A semi-implicit material point method for coupled thermo-hydro-mechanical simulation of saturated porous media in large deformation

Abstract

The coupled thermo-hydro-mechanical (THM) response of liquid-infiltrated porous media underpins the safe operation and maintenance of key engineering infrastructure. Challenges remain in modeling and understanding the complicated multiphysics processes of porous media subjected to THM loads and undergoing large deformation. In this study, we develop a stabilized material point method (MPM) for modeling the THM responses of large deformation problems in biphasic solid–fluid mixtures. A novel and efficient staggered solution scheme is proposed to solve the governing equations of the coupled system formulated in terms of four primary variables: solid displacement (u), liquid velocity (v), pore pressure (p), and temperature (T).
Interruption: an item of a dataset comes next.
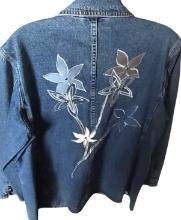 LADIES DENIM WESTERN JACKET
The scheme solves the energy balance equation first and employs the resulting temperature to further advance the calculation of the momentum and mass balance equations using a semi-implicit fractional step method to facilitate equal-order interpolations. Both the incompressible and weakly compressible fluid are considered in the presented fractional step formulations. We also develop the axisymmetric form of the coupled MPM to increase the applicability and efficiency of the method in THM problems. The validity, stability, and robustness of the proposed method are demonstrated through three benchmark problems, including the heating of a saturated half-space, the non-isothermal consolidation of a soil column, and a three-dimensional axisymmetric problem pertaining to the thermoelastic response around a point heat source. The predictive capability of the proposed method for large deformation problems is further showcased by the simulation of the progressive failure process of a thermal-sensitive slope.